A NEW AGE OF TELEPROMPTING?
Prompting is hardly a new phenomenon!
Whilst it may not be the first thing on the production agenda, one could argue it is an essential production tool today delivering at least two fundamental production values.
Firstly it can save you money by reducing the time required to get that perfect take and secondly it means that your presenter will be word perfect (and legally compliant) with a professionalism that we all expect to see today by maintaining eye contact (through the lens) with the audience. This is particularly relevant when they may not do this “for a living” such as in Corporate Video and Event Productions.
If you want to learn more I would recommend reading “The Teleprompter Manual” by Laurie Brown a good, easy read.
I am relatively new to the business having joined Portaprompt in 2014 after a lifetime with Sony (when occasionally I would use prompting myself). My first learning is remembering that beyond the technology there is a crucial relationship between the Presenter and the Prompting Operator.
Prompting technology has seen some fundamental changes over the last ten years with the move from CRT to flat panel displays providing lighter and brighter camera head-up displays and we are still seeing change taking place. Autoscript are buying Autocue (an industry generic name), a new company Cue Script launched at NAB 14 and there are a myriad of new companies arriving with Tablet technologies.
Out of this we are experiencing new questions and production language with examples being the Interrotron (what’s that?) and an unusual call from ITV Productions that they need a 32” Prompting Display but with no words - what, why?

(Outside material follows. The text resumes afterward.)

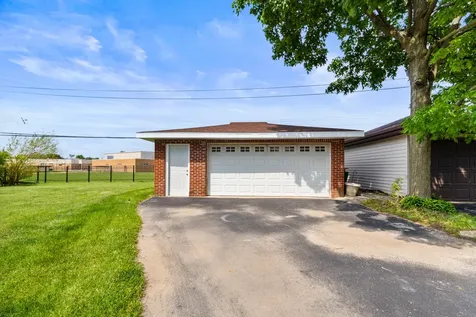 817 Summit Drive Lockport IL 60441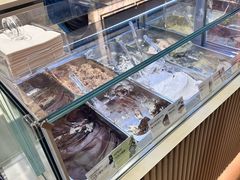 -VENCHI 闻绮(上海佛罗伦萨小镇店)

So where this leads me is to ask the question, is Prompting not just about words anymore and if so are we entering a new age?
Traditional word based techniques and products are well established. On camera displays from 5” to 32”, rigging for any type of camera from large studio to new robotic pan, tilt and zoom (PTZ) devices, sophisticated software packages that can integrate into Newsroom workflows, conference products using large displays, motorised (rise and fall) conference poles and “Obama Glass” and of course the all-important Prompting Operator.
(Photos below including The Voice and Sports Aid with multi camera conventional on camera prompting devices.)
The business model follows the standard Broadcast TV structure with day to day rental into production and programme budgets and infrastructure into capital budgets. This is as it has been and will continue (we believe) into the foreseeable future.
But if the market is growing what are the technologies and techniques that are driving this?
The first thing to consider is the arrival of cost effective Tablet and Phone Prompting devices. These are not replacing the existing products but with prices starting at around £75 a day to rent and under £500 to buy these tools are opening up opportunities where traditional prompting may not have been financially justifiable before.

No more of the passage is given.